Behind this limitation are deep architectural design trade-offs. Allowing Agents to freely call each other introduces risks of circular dependencies, deadlocks, and infinite recursion, while dramatically increasing system debugging difficulty. The industry's current mainstream solutions fall into three categories: message queues (event-driven architecture where Agents collaborate through publish/subscribe messaging), shared state storage (such as vector databases serving as a "bulletin board" between Agents, where each Agent reads and writes shared memory), and orchestration layers (an Orchestrator handles unified scheduling, with all Agents communicating only with the orchestration layer rather than directly with each other). Claude Code's current architecture is closest to the third approach, but the orchestration layer role is filled by the human main conversation and hasn't yet been automated.

After consulting Claude's official documentation, this was confirmed as a current architectural limitation. In the developer's own words, it was like "the enterprise failed halfway before reaching its goal."

Future Directions: Can Claude Code's Team Feature Break Through?

From Solo Operations to Team Collaboration

Although the current Subagent architecture has limitations, exploration hasn't stopped. Further research revealed that Claude Code is beta-testing a Team feature, which could be the key to breaking through current limitations.

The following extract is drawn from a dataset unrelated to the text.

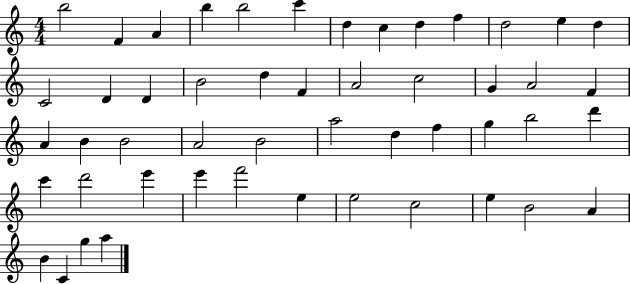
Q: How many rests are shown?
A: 0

The core philosophy of the Team feature aligns perfectly with the TAS concept—enabling multiple AI Agents to collaborate within a higher-level framework, rather than merely completing tasks independently and reporting results. From a technical path perspective, the Team feature likely introduces some form of automated orchestration layer, making information flow between Agents no longer entirely dependent on human main conversation relay, thereby unlocking the true potential of multi-Agent collaboration while maintaining architectural safety.

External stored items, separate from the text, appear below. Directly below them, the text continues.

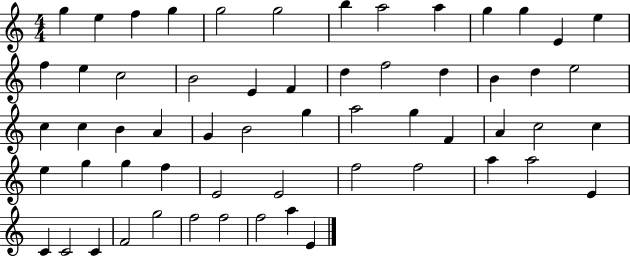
{
  \clef treble
  \numericTimeSignature
  \time 4/4
  \key c \major
  g''4 e''4 f''4 g''4 | g''2 g''2 | b''4 a''2 a''4 | g''4 g''4 e'4 e''4 | \break f''4 e''4 c''2 | b'2 e'4 f'4 | d''4 f''2 d''4 | b'4 d''4 e''2 | \break c''4 c''4 b'4 a'4 | g'4 b'2 g''4 | a''2 g''4 f'4 | a'4 c''2 c''4 | \break e''4 g''4 g''4 f''4 | e'2 e'2 | f''2 f''2 | a''4 a''2 e'4 | \break c'4 c'2 c'4 | f'2 g''2 | f''2 f''2 | f''2 a''4 e'4 | \break \bar "|."
}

Core Insights from This Experiment

Although this experiment was temporarily blocked in implementing the "lite TARS," it revealed several important industry trends:

1. The ceiling of single-point automation is already visible: No matter how powerful a single AI Agent is, it needs division of labor and collaboration when facing complex projects
2. Context management is a critical architectural decision: The independent context design of Subagents is fundamentally solving the LLM token window limitation problem
3. Inter-Agent communication protocols will become the next competitive focus: Whoever can first solve the Agent inter-calling problem—whether through message queues, shared state, or orchestration layers—will gain an advantage in the AI programming tools race
4. The boundary of human-AI collaboration is dynamically shifting: From "humans write code" to "humans direct AI to write code" to "humans only make key decisions while AI coordinates and completes the rest"—this evolutionary path is already clearly visible

Conclusion

The value of this experiment lies not in whether TARS was ultimately built successfully, but in how it clearly demonstrates the evolutionary path and current technical bottlenecks of AI programming tools transitioning from "tools" to "collaborative systems." The Planner + Packager basic pipeline proves the feasibility of multi-Agent division of labor, while the Subagent inter-calling limitation points to the direction that needs to be broken through next.

For developers currently using Claude Code, the current stage allows implementing planning and packaging automation with Subagents while keeping an eye on the Team feature's beta progress. For the entire AI programming field, what's truly valuable isn't single-point automation, but AI collaborative systems—a judgment that will likely be repeatedly validated over the next year or two.